* **Exercise directions**
Below, some lines carry pictures; leave those pictures out and retype exactly the lines from the one with "Some subjects require" through the one with "Let's take a".

Data records below:

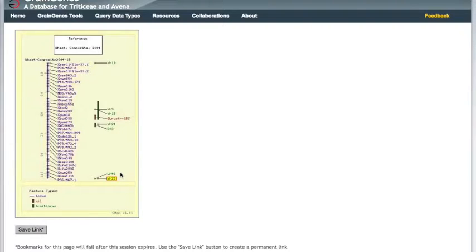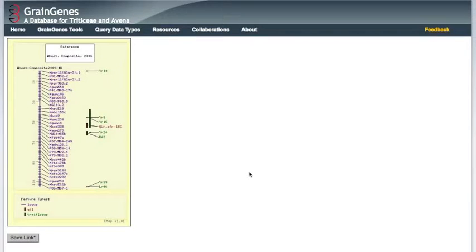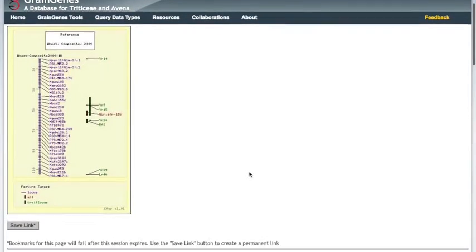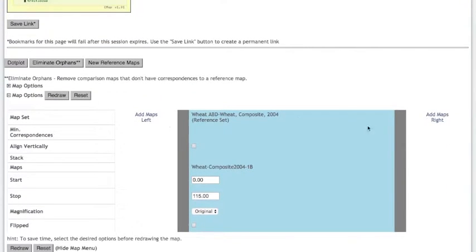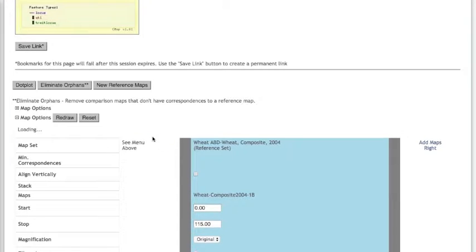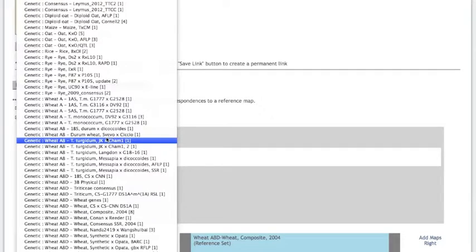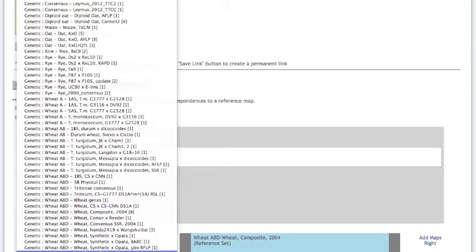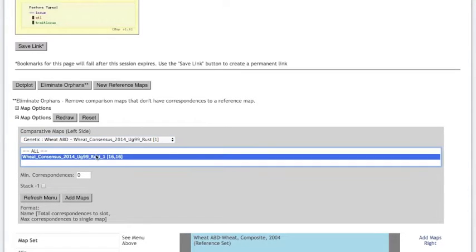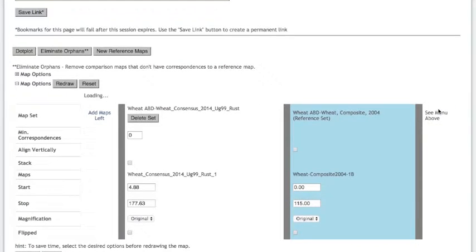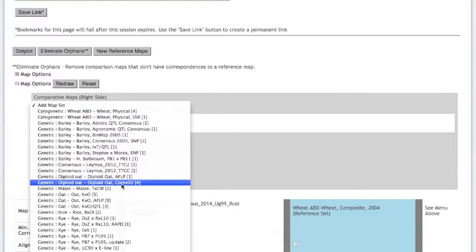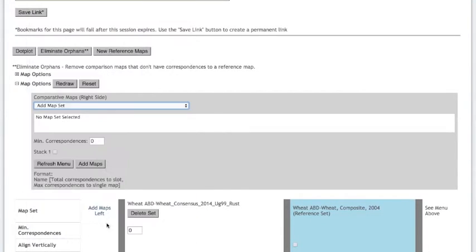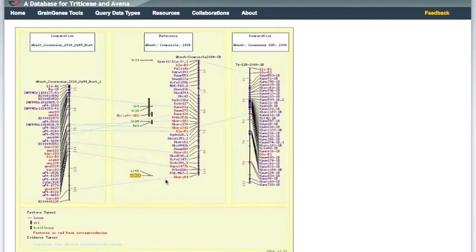On the locus report, YR29 was only listed on one map. With cmap, however, we can compare maps to see if any markers near YR29 are also in other maps. I'm going to choose two maps for comparison. Scrolling down, you can choose to add maps on either the left or the right. We are then prompted to choose a map set and a specific map to draw. I'm going to choose a hexaploid wheat UG99 consensus map on the left and the consensus SSR map on the right.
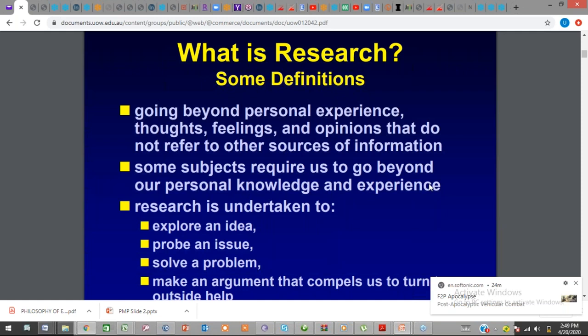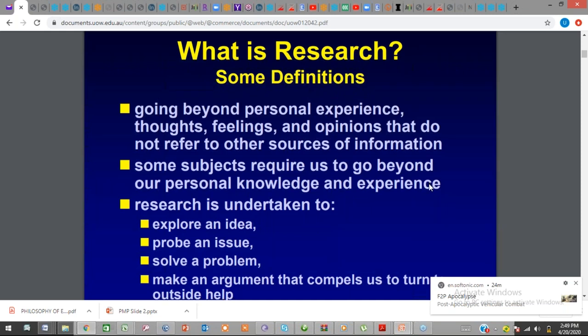Some subjects require us to go beyond our personal knowledge. So when you're going to be writing your project, it will not be based on just your personal knowledge. Of course, your personal knowledge will help guide your project writing, but you need to carry out extensive research and extensive thinking to be able to know more about the subject matter.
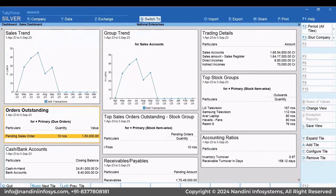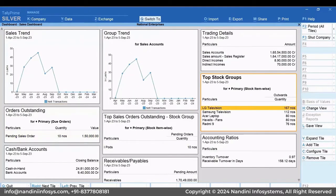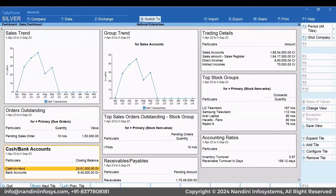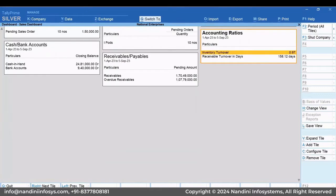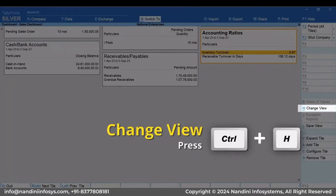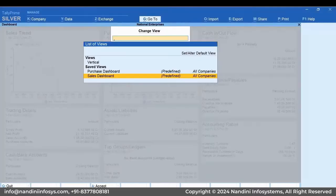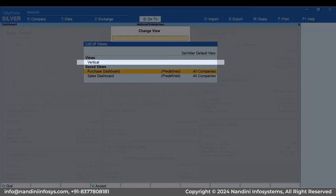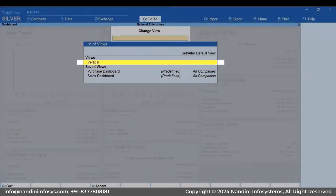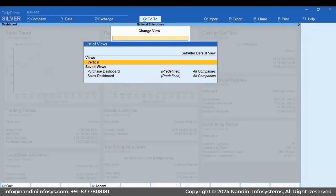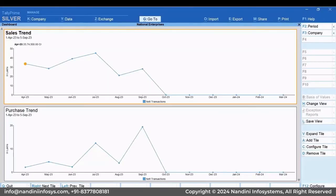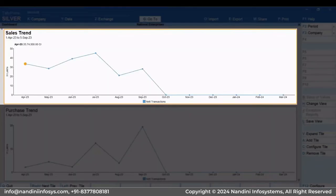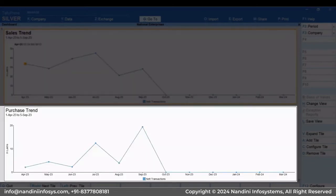You can also view Dashboard vertically with one tile per row. Press Ctrl plus H, select Vertical and press Enter. As you can see, there is one tile per row now.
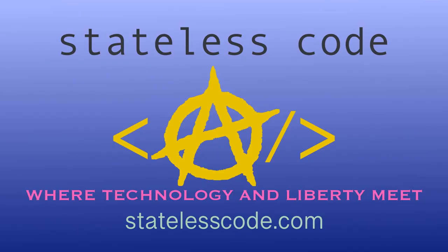Thanks for watching this stateless code cast. Be sure to like comment subscribe and spread the word. You can follow us on social media at stateless code. Until next time keep coding and don't aggress against peaceful people or vote for others to do so on your behalf.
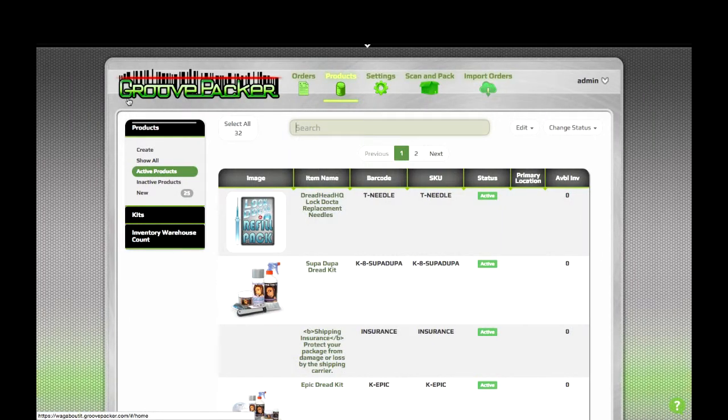Let's take a look at how kits are created and used in GroovePacker. When items are imported into GroovePacker, they all start out as regular items.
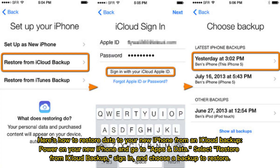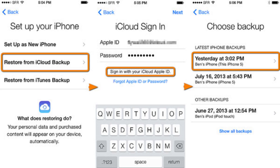Here's how to restore data to your new iPhone from an iCloud backup. Power on your new iPhone and go to Apps and Data, select Restore from iCloud Backup, sign in, and choose a backup to restore.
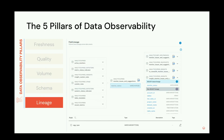Last but not least is lineage. Data lineage is being able to understand where data is coming from, where it's going, and where it's being used. It's important not just to address the incident but also to understand its potential impact. If a table is used by mission-critical BI reports downstream, that's a very important incident for the data engineering team. From the upstream perspective, we want to trace back the problem at the field level — where are these null values coming from, or where is the extra volume coming from?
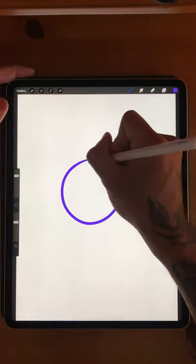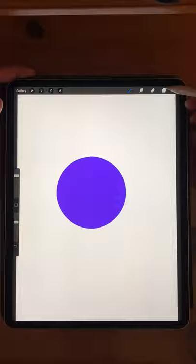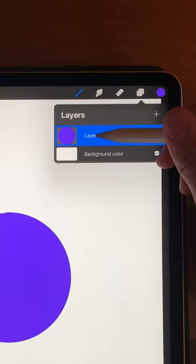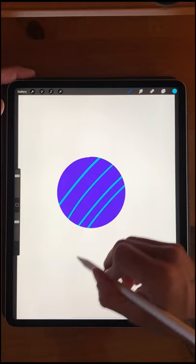I'm going to show you a method for doing dynamic shading on solid shapes. After we draw and fill in a shape, we're going to select the layer and choose alpha lock. This means that anything that is drawn will only draw within the filled area.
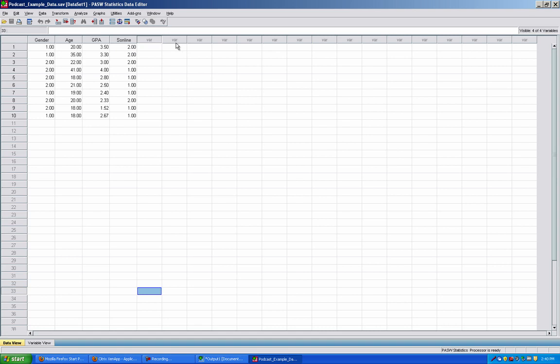The columns labeled VAR here have not yet been defined in this file. VAR stands for variable and is the default heading for columns in Data View. Headings for columns change as variables are defined. Data View is the view you want when entering raw data.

End of Data records.

* **Answer space**
Some subjects require us to go beyond our personal knowledge. So when you're going to be writing your project, it will not be based on just your personal knowledge. Of course, your personal knowledge will help guide your project writing, but you need to carry out extensive research and extensive thinking to be able to know more about the subject matter.
You can also view Dashboard vertically with one tile per row. Press Ctrl plus H, select Vertical and press Enter. As you can see, there is one tile per row now.
Thanks for watching this stateless code cast. Be sure to like comment subscribe and spread the word. You can follow us on social media at stateless code. Until next time keep coding and don't aggress against peaceful people or vote for others to do so on your behalf.
Let's take a look at how kits are created and used in GroovePacker. When items are imported into GroovePacker, they all start out as regular items.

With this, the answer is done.